-- EXERCISE --
Once the line containing "Blitz, Yorkie Puppy" is found, please copy it and all lines after it through the end of the records, exactly, leaving out pictures.

--

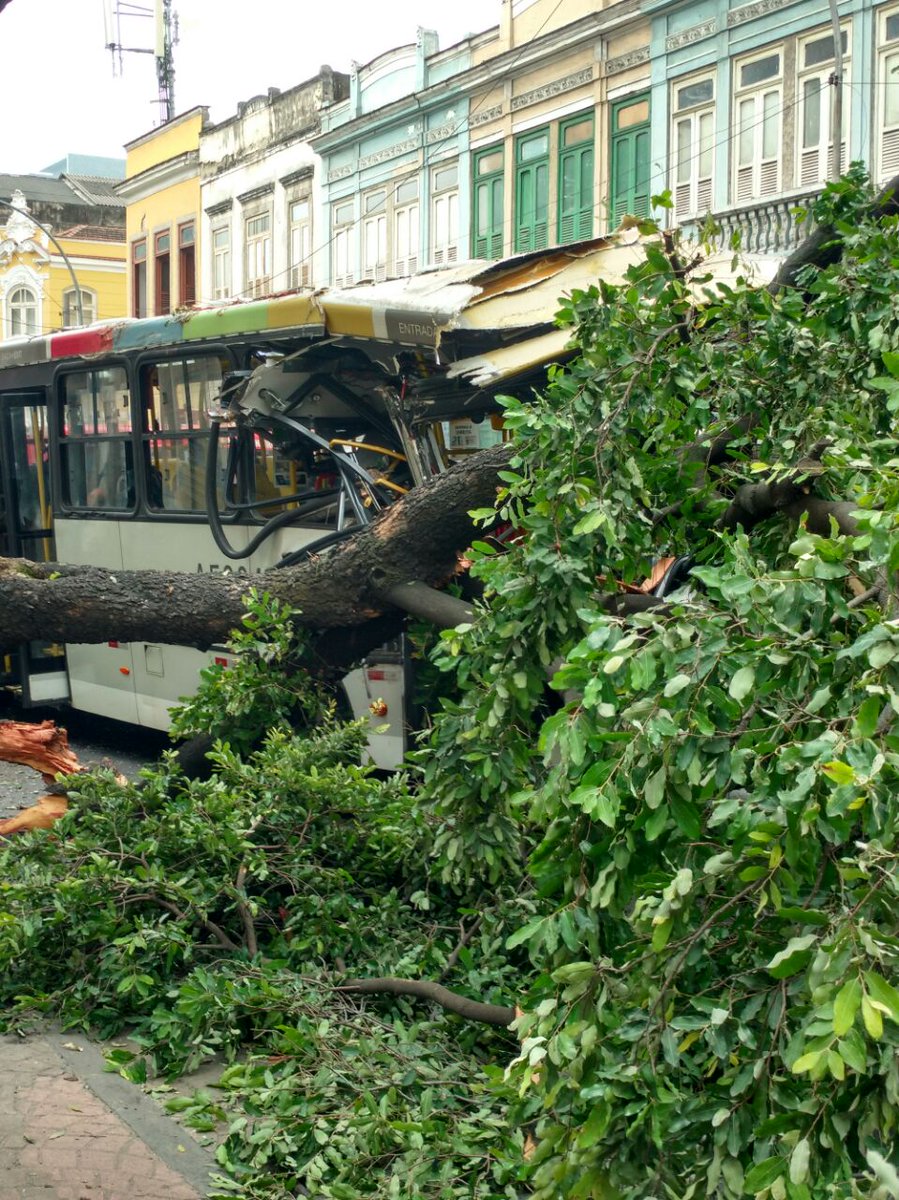 O ouvinte Luis Marcos enviou a foto de um ônibus que ficou destruído após bater em uma árvore, na Rua Frei Caneca.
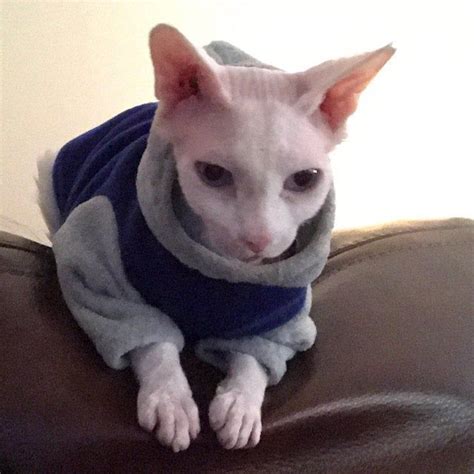 PurrWear Sphynx Cat Clothing Hoodie Long Sleeve Style for | Etsy | Cat clothes, Sphynx cat, Cats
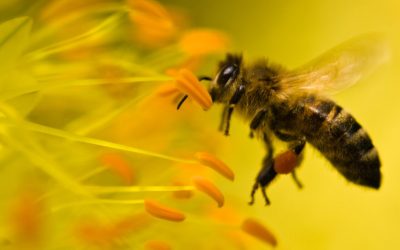 ABEJAS Vs. AGROQUÍMICOS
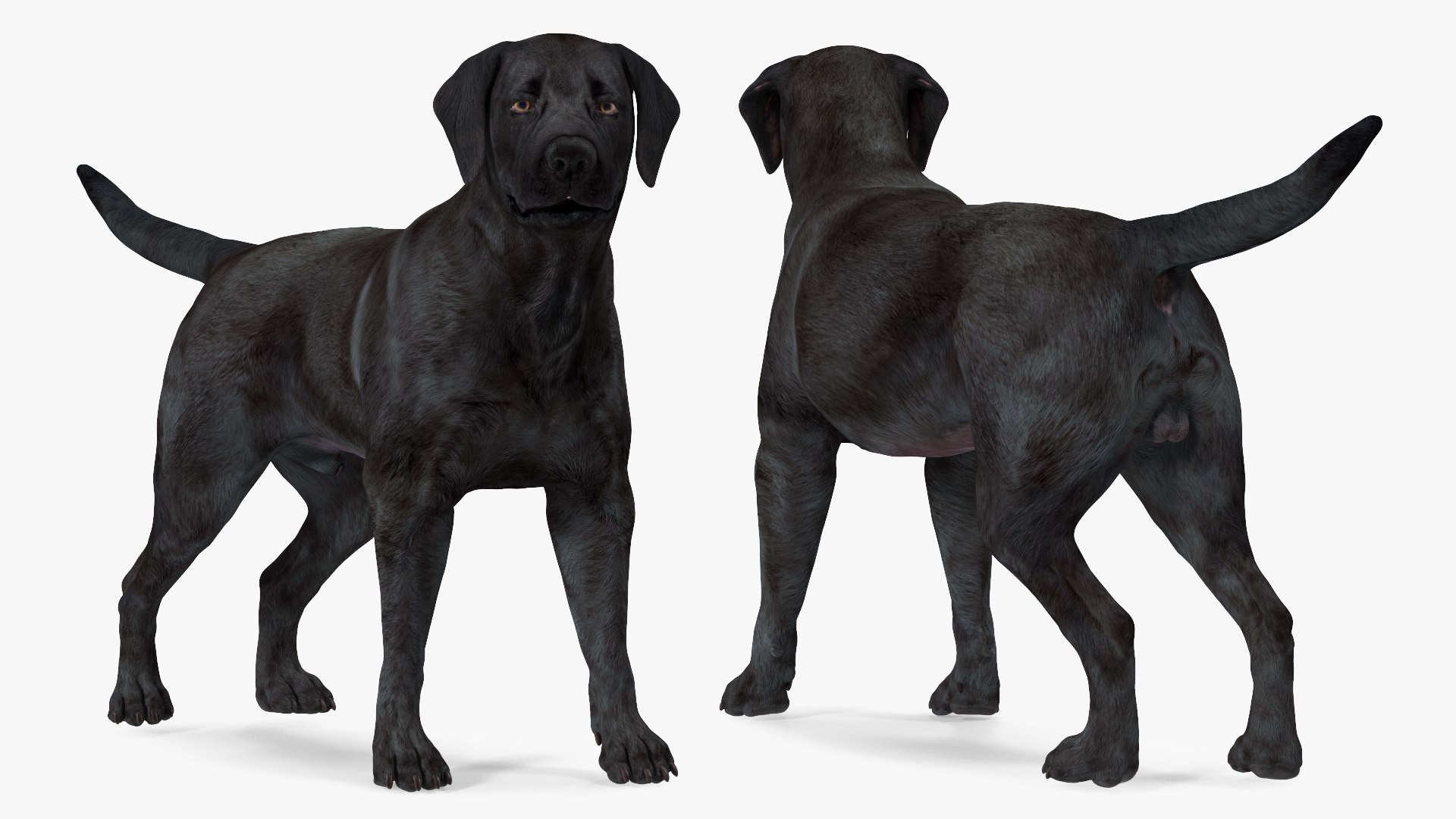 3D Labrador Dog Black Rigged https://p.turbosquid.com/ts-thumb/PN/UugHEQ/zC/labradordogblackriggedmb3dmodel009/jpg/1638372337/1920x1080/fit_q87/791cbae9593e5092a9f95e9d52a3f170c18c9fd1/labradordogblackriggedmb3dmodel009.jpg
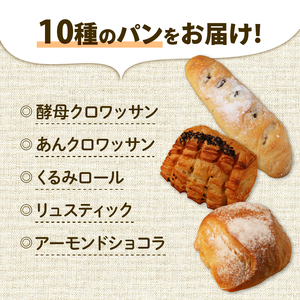 【自家培養酵母】店主厳選アラカルトパン 10点セット 惣菜パン 冷凍パン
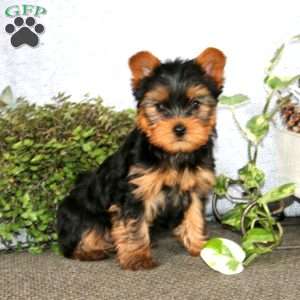 Blitz, Yorkie Puppy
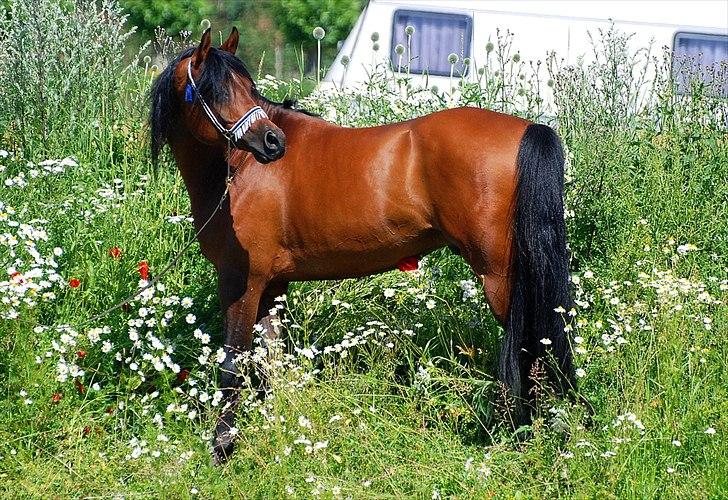 Arabisk fuldblod (OX) Til Minde om MVA Prince Vayu ox - photoshoot med Renee Julsgaard. D. 7 Juli 2011  billede 15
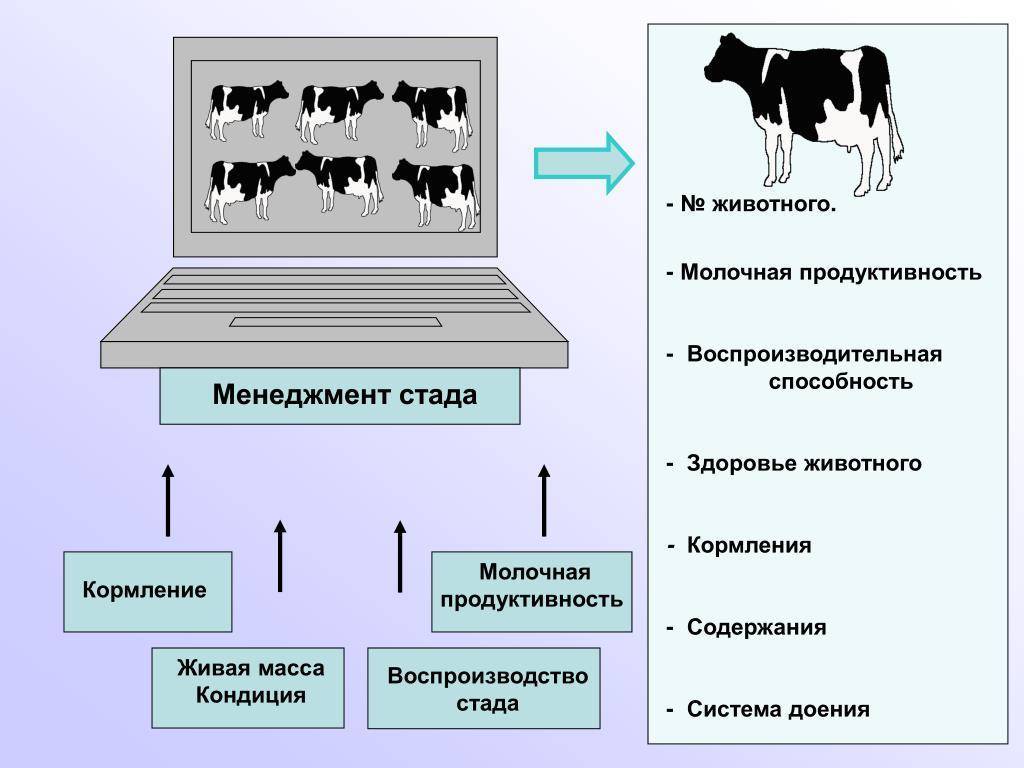 Состояние животного. Факторы влияющие на продуктивность сельскохозяйственных животных. Показатели продуктивности животных. Увеличение продуктивности коров. Воспроизводство стада.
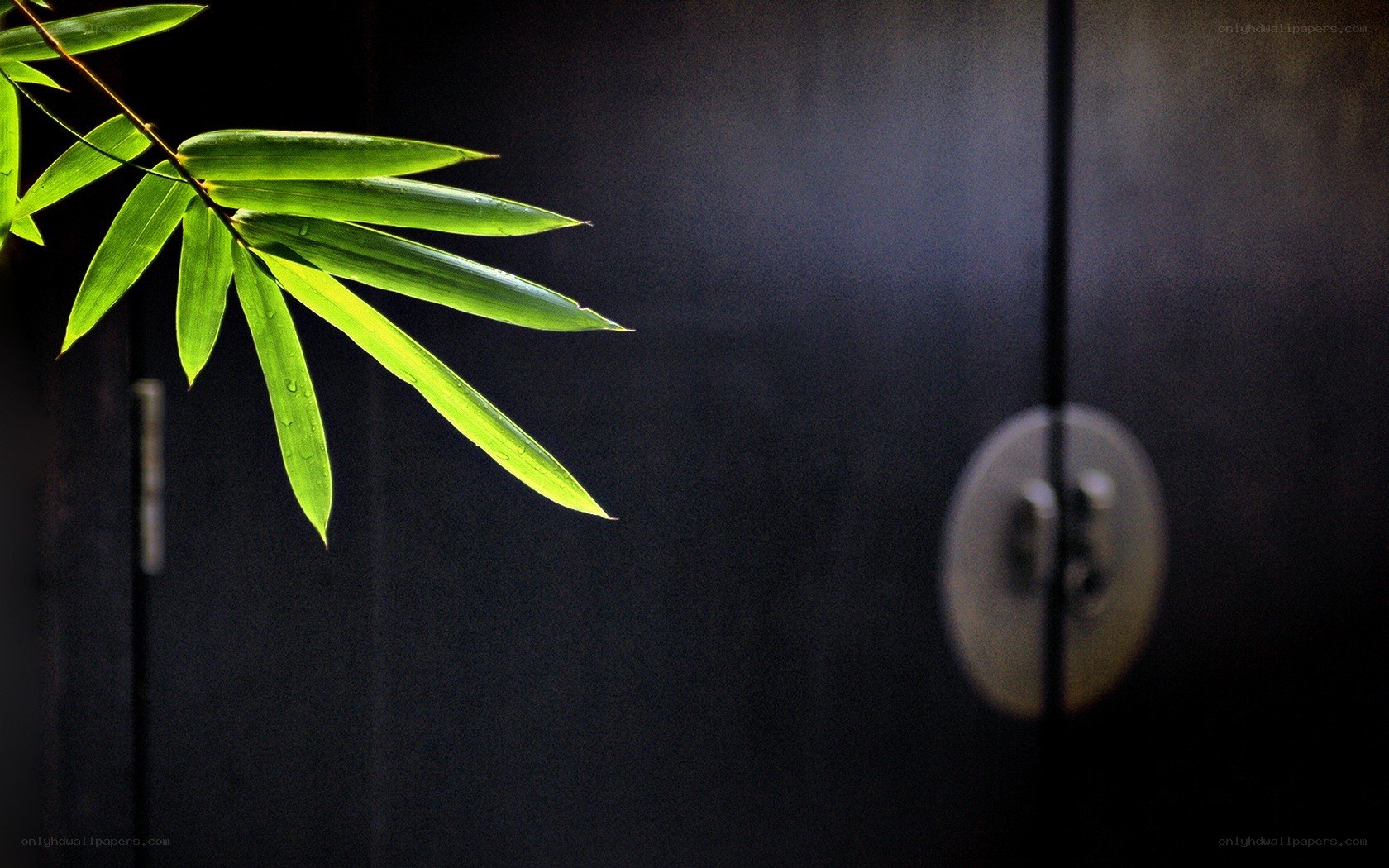 green bamboo leaves on dark door
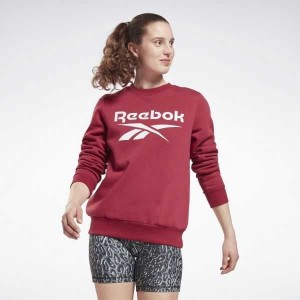 Multicolor Reebok Identity Logo Fleece Crew Sweatshirt | UDP-342875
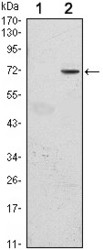 NBP1-51652 - ZNF163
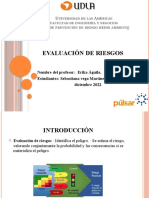 PRERSENTACION EVALUACION RIESGOS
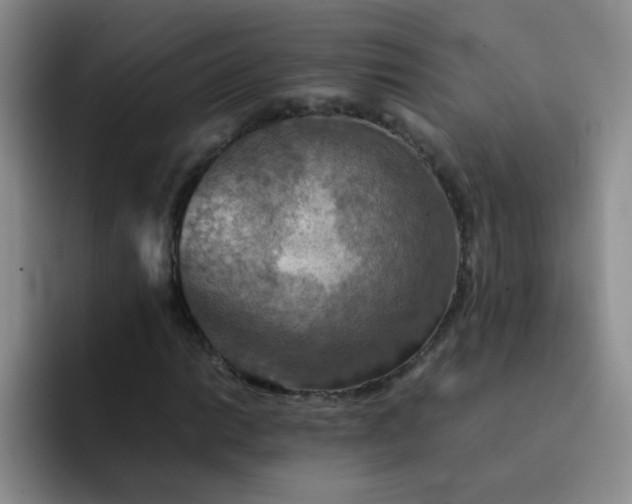 X0000092051014200709262005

--

-- TASK SOLUTION --
 Blitz, Yorkie Puppy
 Arabisk fuldblod (OX) Til Minde om MVA Prince Vayu ox - photoshoot med Renee Julsgaard. D. 7 Juli 2011  billede 15
 Состояние животного. Факторы влияющие на продуктивность сельскохозяйственных животных. Показатели продуктивности животных. Увеличение продуктивности коров. Воспроизводство стада.
 green bamboo leaves on dark door
 Multicolor Reebok Identity Logo Fleece Crew Sweatshirt | UDP-342875
 NBP1-51652 - ZNF163
 PRERSENTACION EVALUACION RIESGOS
 X0000092051014200709262005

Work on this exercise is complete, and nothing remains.